Only the lines below starting at the one that contains "Expansive backyard features" and ending at the one that contains "629 Pelican Harbour" are to be reproduced, exactly and with both ends kept.

DATASET RECORDS:
==================================================

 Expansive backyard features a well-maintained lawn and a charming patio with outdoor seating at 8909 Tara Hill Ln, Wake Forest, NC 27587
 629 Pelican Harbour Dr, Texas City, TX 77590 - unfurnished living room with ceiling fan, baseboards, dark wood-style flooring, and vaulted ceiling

==================================================

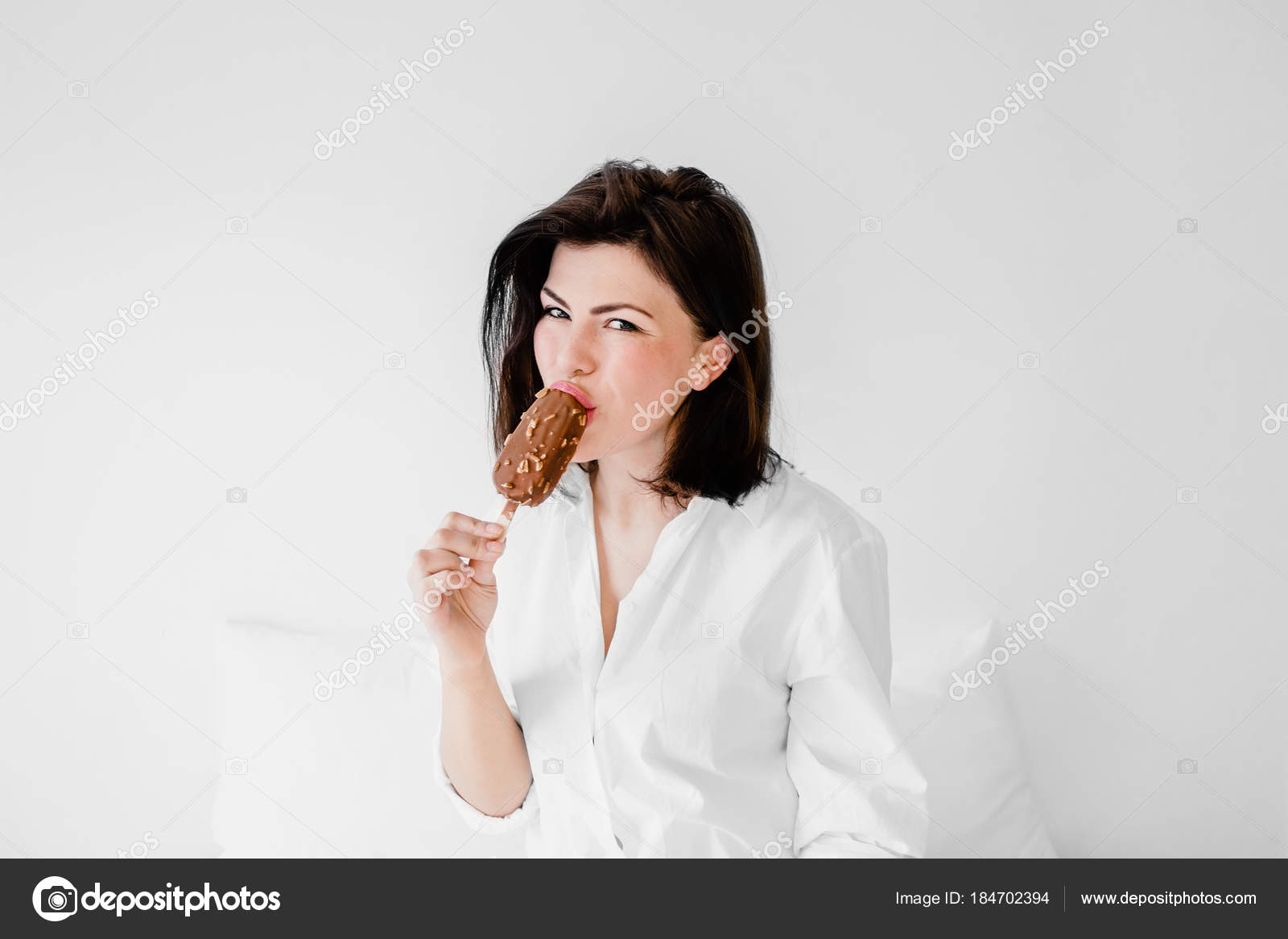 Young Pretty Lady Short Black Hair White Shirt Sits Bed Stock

==================================================

ANSWER BOX:
 Expansive backyard features a well-maintained lawn and a charming patio with outdoor seating at 8909 Tara Hill Ln, Wake Forest, NC 27587
 629 Pelican Harbour Dr, Texas City, TX 77590 - unfurnished living room with ceiling fan, baseboards, dark wood-style flooring, and vaulted ceiling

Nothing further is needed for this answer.